Many of us are having to change our ways of life as a result of climate change. The climate crisis means weather patterns are changing, floods and other weather related hazards are becoming more frequent, extreme, and less predictable. We need to find ways of adapting to this new reality.
However, the countries, communities, and individuals worst affected by climate change are often those with the least resources to invest in adaptation.
That’s why in 2009 wealthy countries committed to mobilise $100 bn in annual climate finance to assist low-income countries to address climate change by 2020. At least half of this should be financing climate change adaptation.
The Zurich Flood Resilience Alliance’s report At what cost: How chronic gaps in adaptation finance expose the world’s poorest people to climate chaos looked at the extent to which this funding target has been met. We found that countries have fallen short of the target, and that the finance distributed is not reaching those countries most in need of support.
The global community must dramatically increase adaptation funding for vulnerable countries impacted by the climate emergency.
Others have done similar research, also finding that investments in climate change adaptation is insufficient to meet ambitions set by wealthy countries, or the needs of those hardest hit by climate change.
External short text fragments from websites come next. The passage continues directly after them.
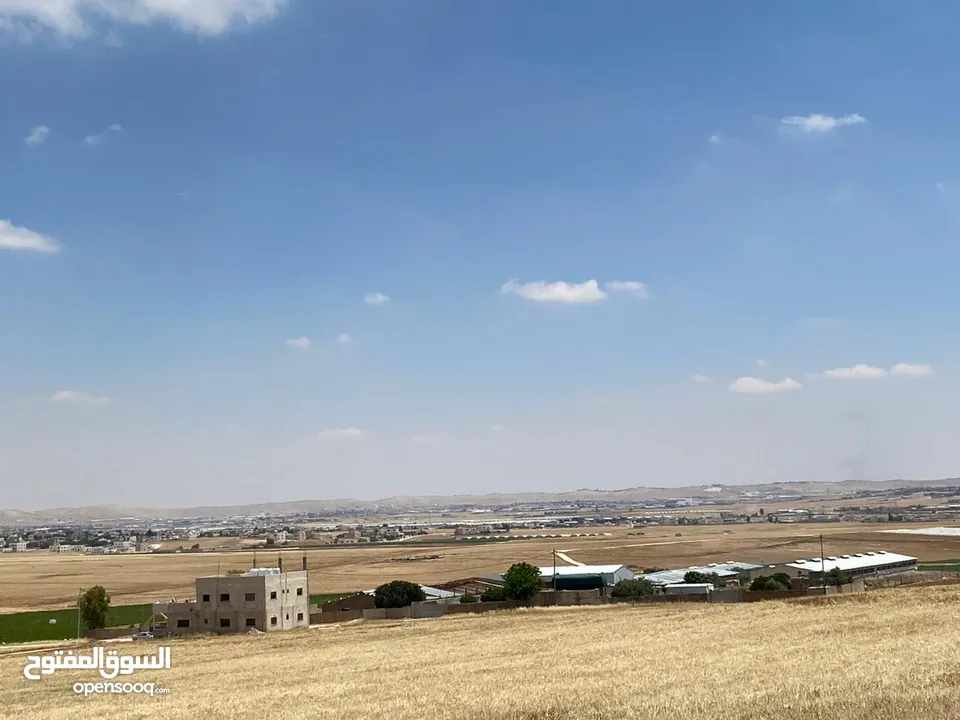 ارض للبيع في اللبن ابو دبوس قرب مسجد كريشان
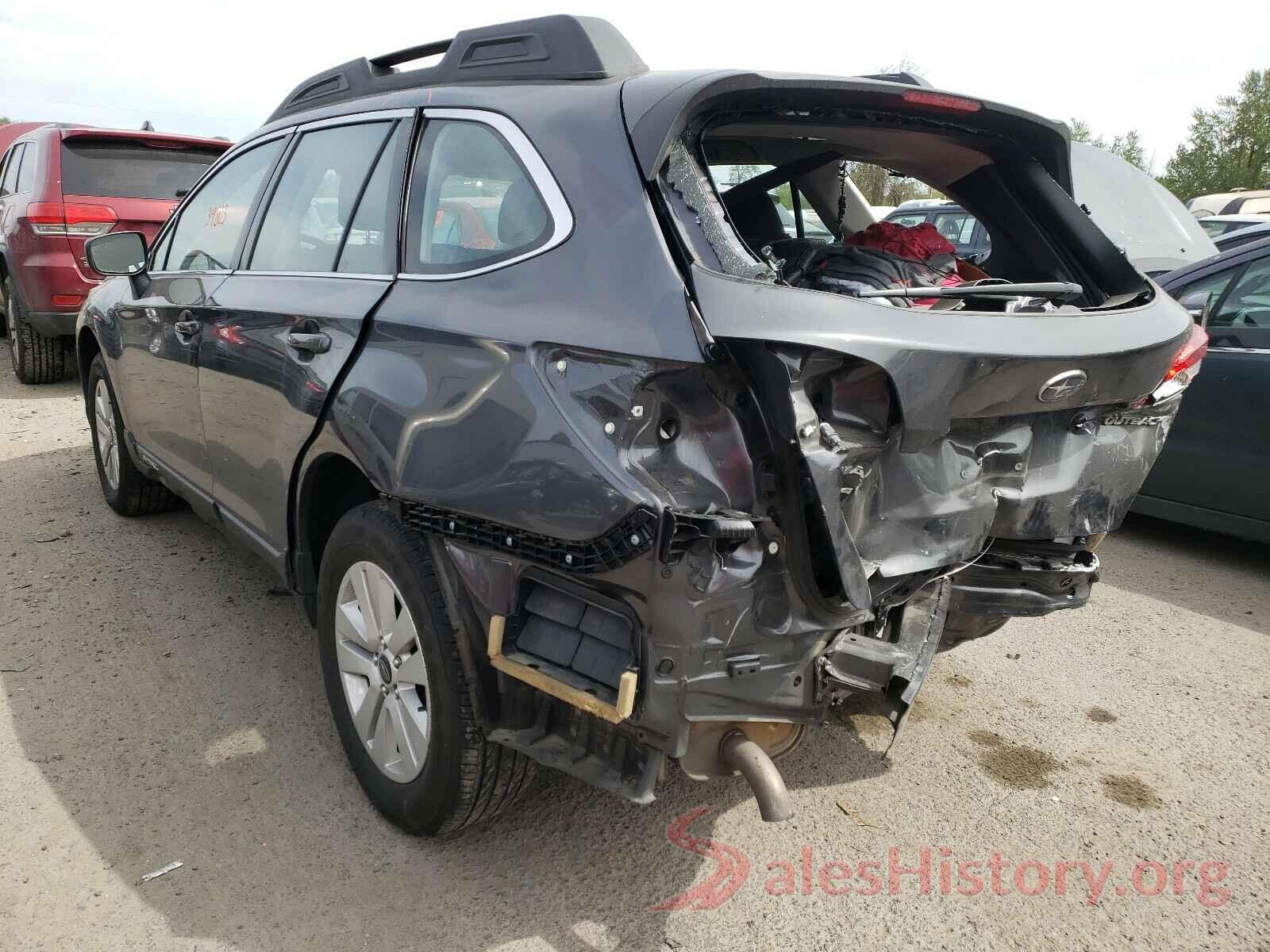 4S4BSABCXK3356923 2019 SUBARU OUTBACK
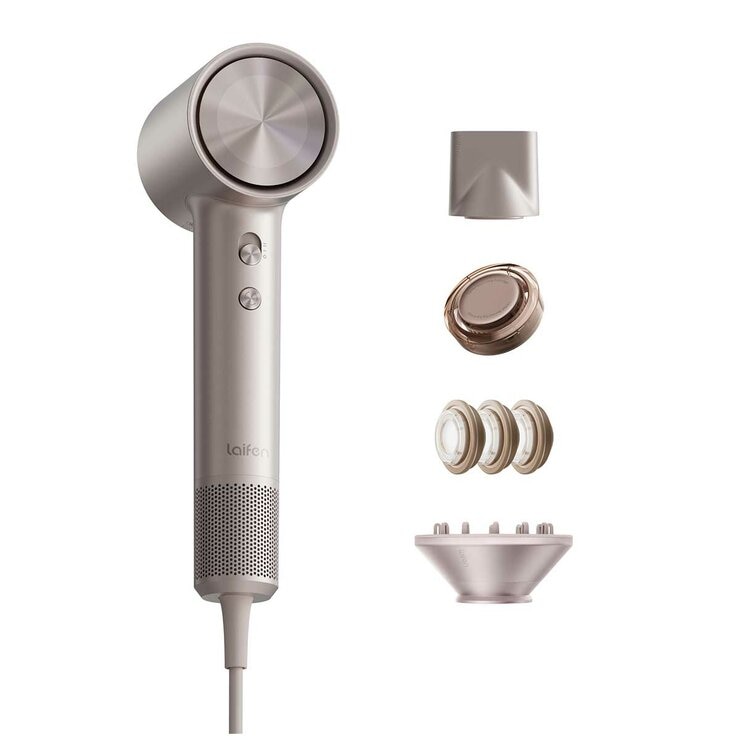 Laifen Swift 4 High Speed Hair Dryer Platinum 1HD51SAUSL001 Laifen Swift 4 High Speed Hair Dryer Platinum 1HD51SAUSL001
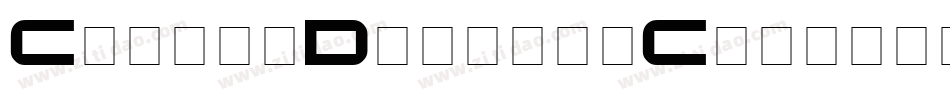 CroateDisplayCaps字体转换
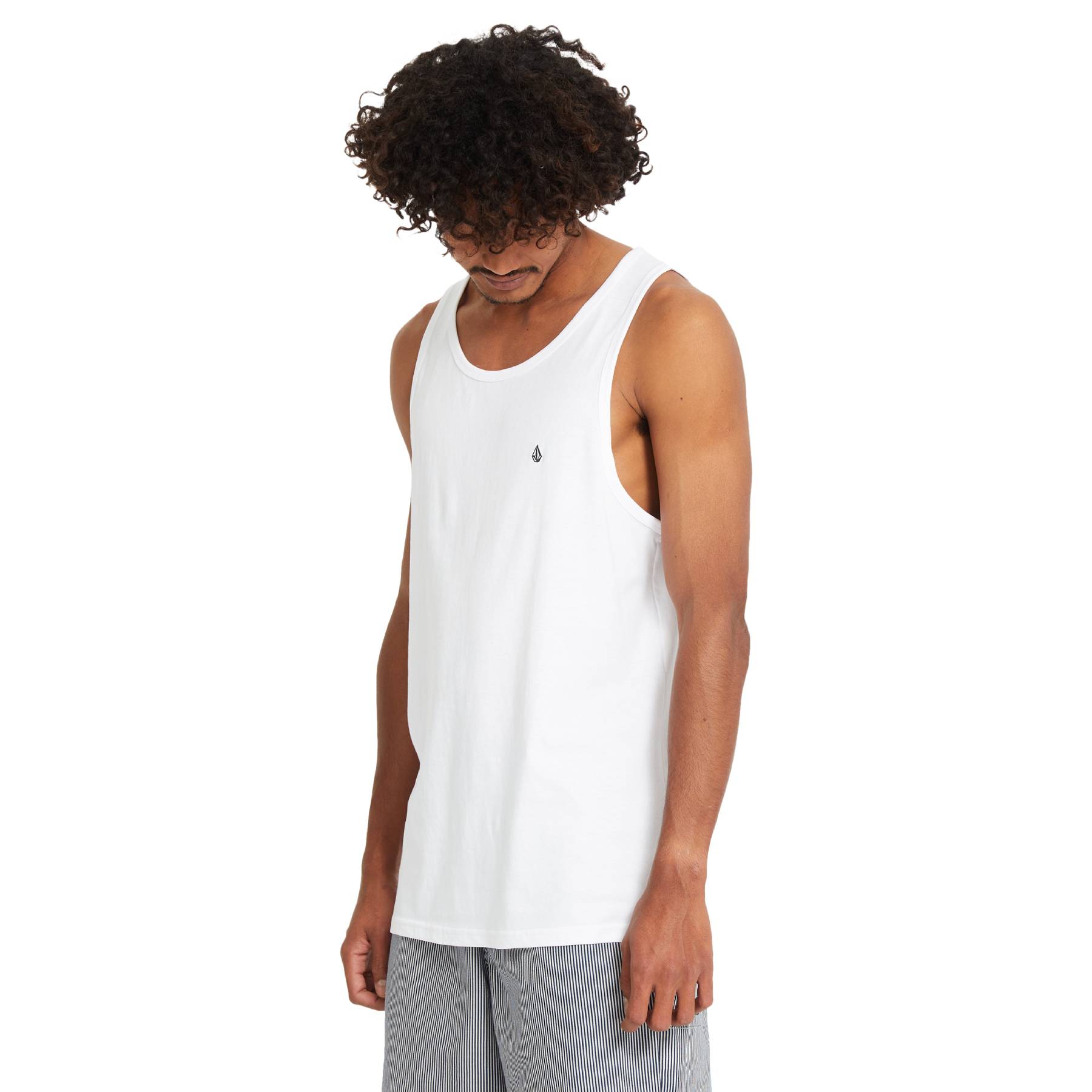 Camiseta Tirantes Volcom Stone Blanks White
You can for example read UNEP’s Adaptation Gap, Oxfam’s Climate Finance Shadow Report 2020, and CARE International’s Climate Adaptation Finance – Fact or Fiction?.
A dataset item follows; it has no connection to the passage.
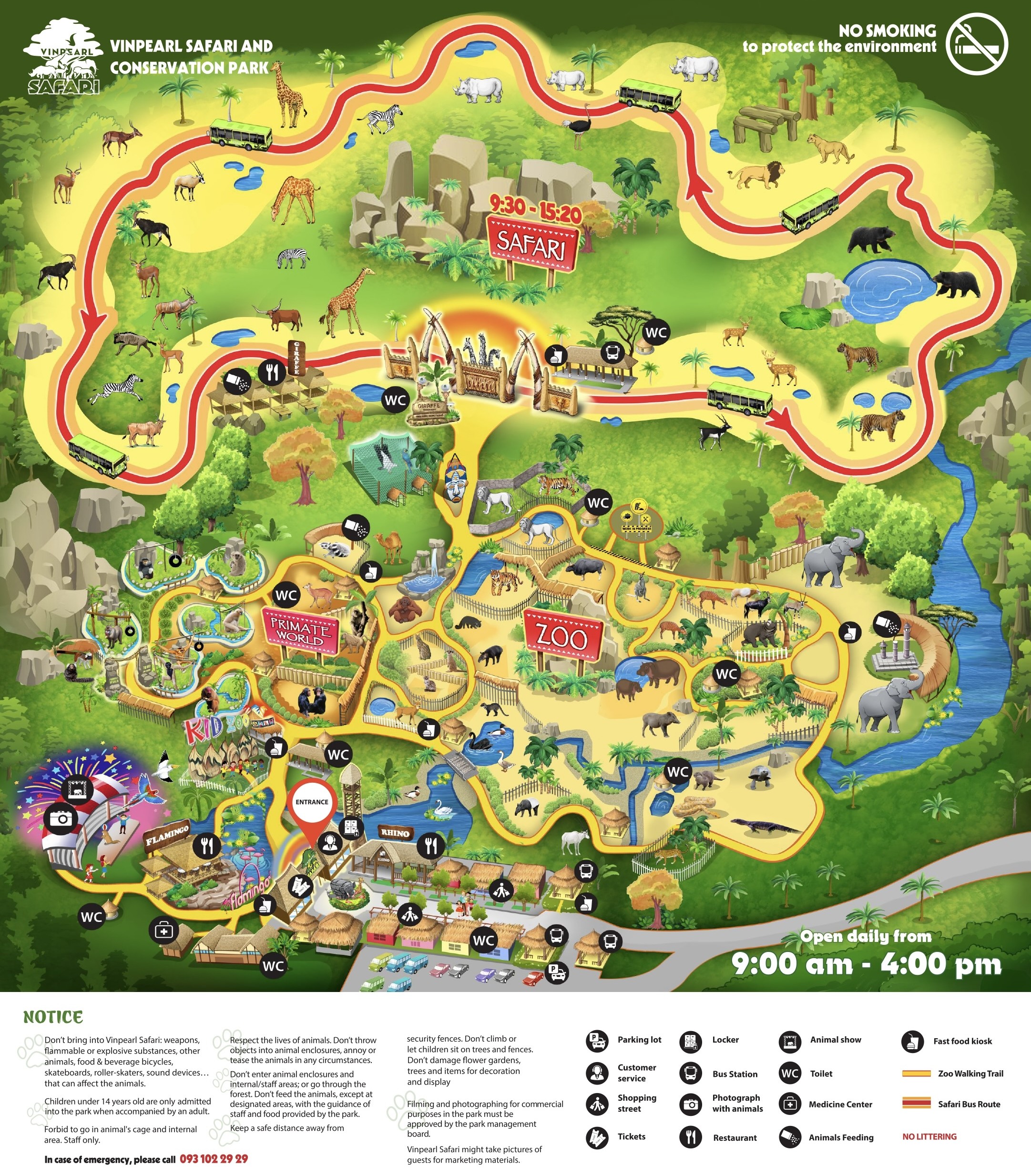 Vinpearl Safari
If we don’t invest today we’ll have to pay later
The longer adaptation efforts are put off, the more difficult and expensive it will be to manage increasing needs and the harder it will be to save lives and mitigate suffering.
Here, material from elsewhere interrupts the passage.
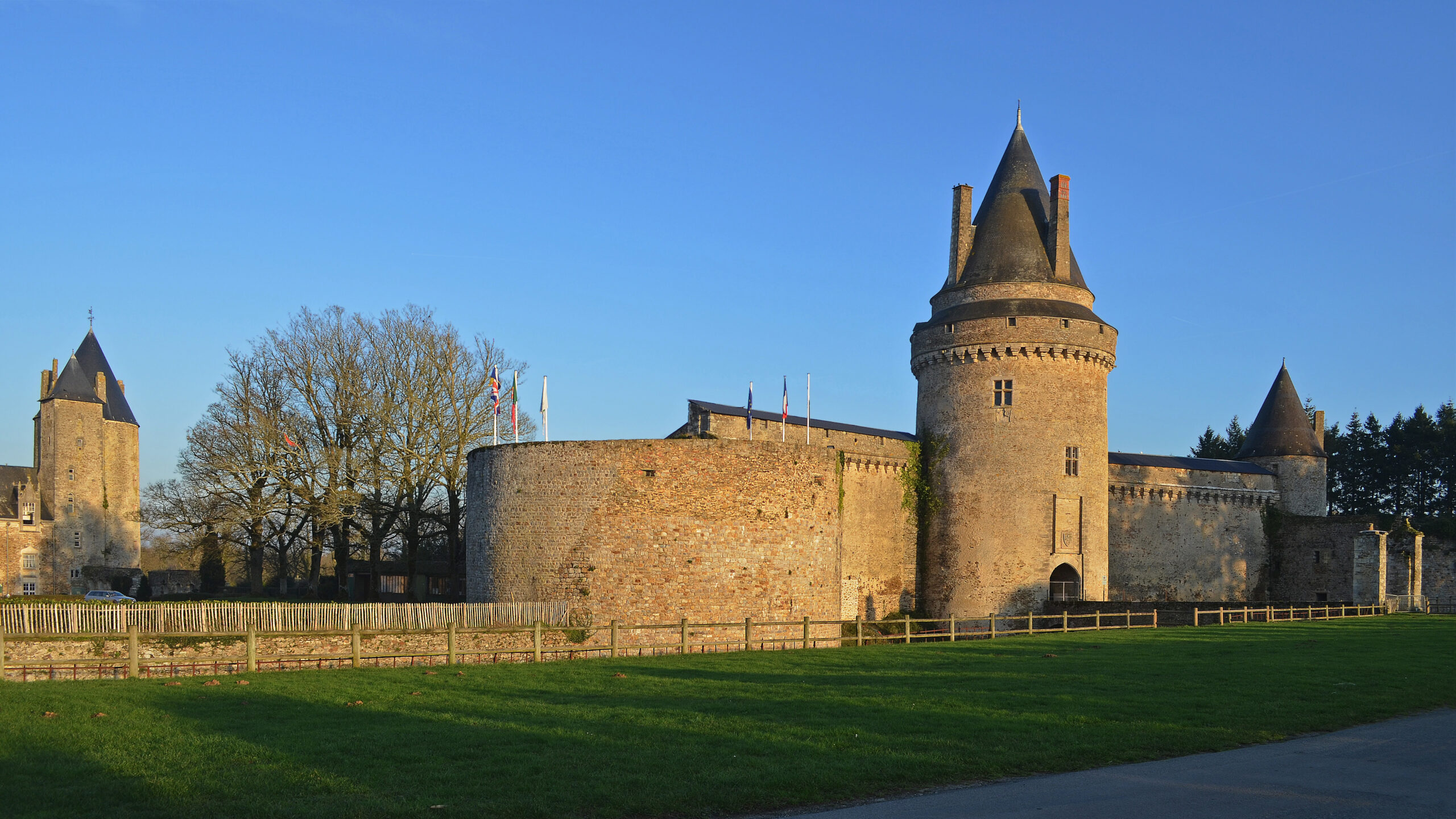 Le ch&acirc;teau de Blain (44)
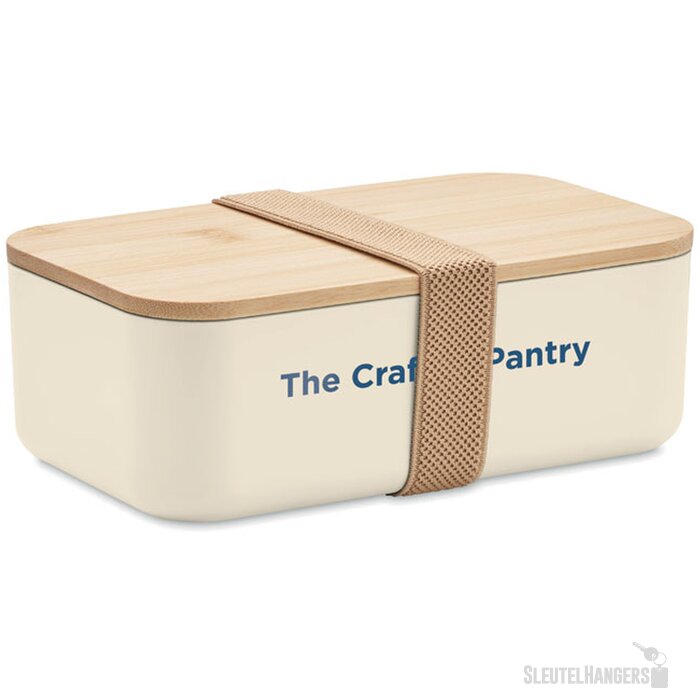 Pla maïs lunchdoos Beibabox (1000 ml) Beige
According to UNEP, if global warming stays below 2°C, adaptation costs are expected to range between $140 bn and $300 bn per year by 2030, and rise to between $280 bn and $500 bn per year by 2050. For more severe scenarios of global warming these figures are expected to be much greater.
The International Federation of Red Cross Red Crescent Societies’ report The cost of doing nothing claims that an additional 50 million people per year will be in need of humanitarian aid by 2030. By 2030, the cost of humanitarian aid (excluding conflict) is expected to increase to $20 bn per year, increasing present humanitarian needs by 35 per cent; and by 2050 would be 50 per cent higher than present.
Relevant resources

In 2009, wealthy countries committed to mobilize $100 bn in annual climate finance to assist low-income countries to address climate change by 2020.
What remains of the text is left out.